Work instructions: Using the listing below, set down exactly the lines from the one that contains "Masterproof 8-12mm 400mm" through the one that contains "3D мультяшный нефритовый", with no pictures.

Data records:
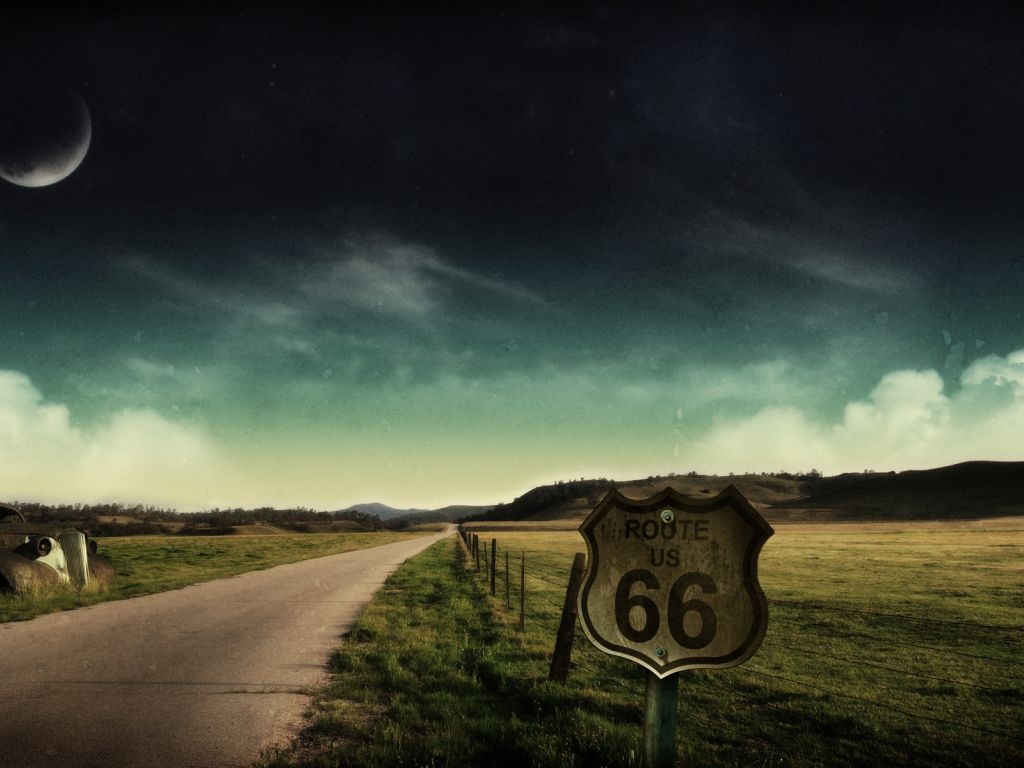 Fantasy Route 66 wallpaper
* * *
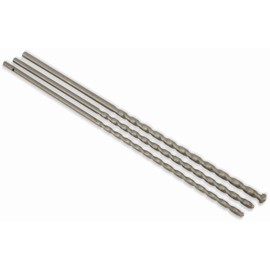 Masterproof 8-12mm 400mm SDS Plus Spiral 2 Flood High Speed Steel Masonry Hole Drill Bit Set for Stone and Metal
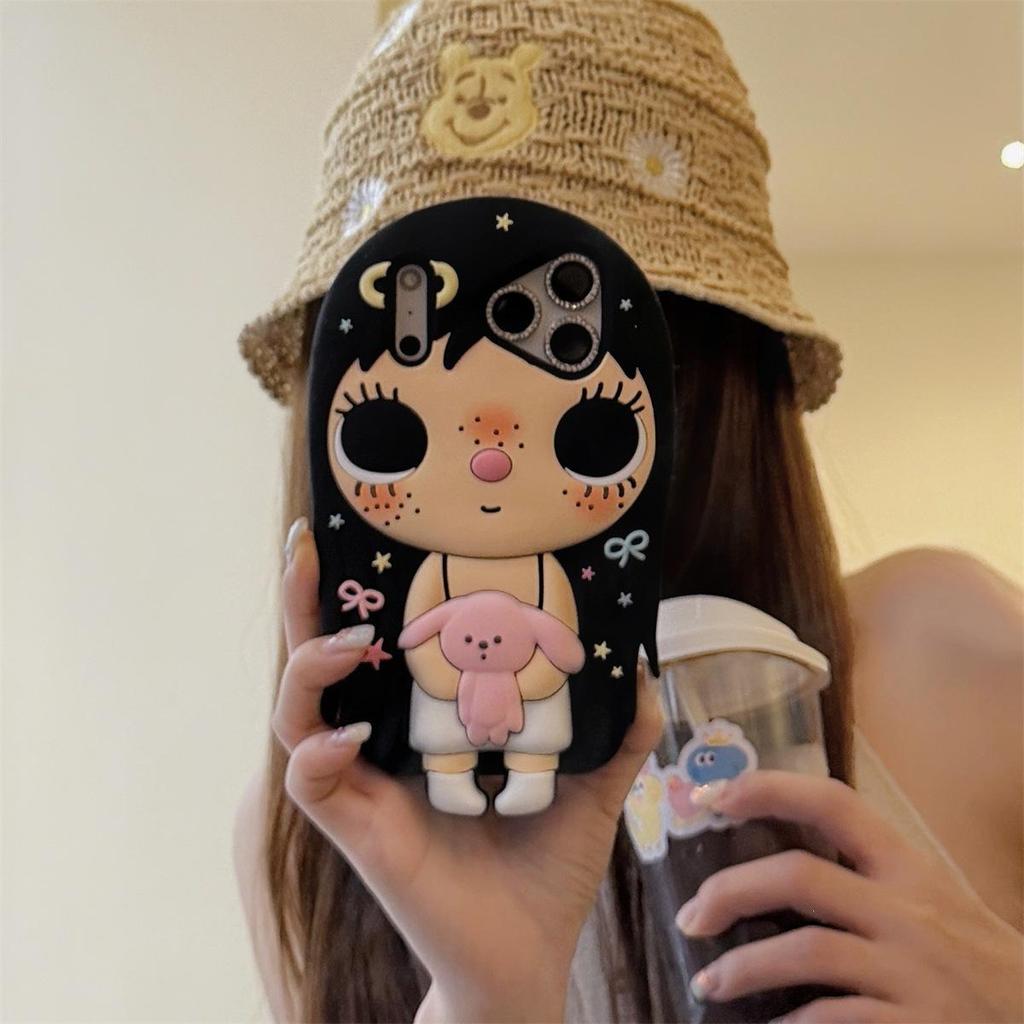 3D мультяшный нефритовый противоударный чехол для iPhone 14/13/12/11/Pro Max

Task solution:
 Masterproof 8-12mm 400mm SDS Plus Spiral 2 Flood High Speed Steel Masonry Hole Drill Bit Set for Stone and Metal
 3D мультяшный нефритовый противоударный чехол для iPhone 14/13/12/11/Pro Max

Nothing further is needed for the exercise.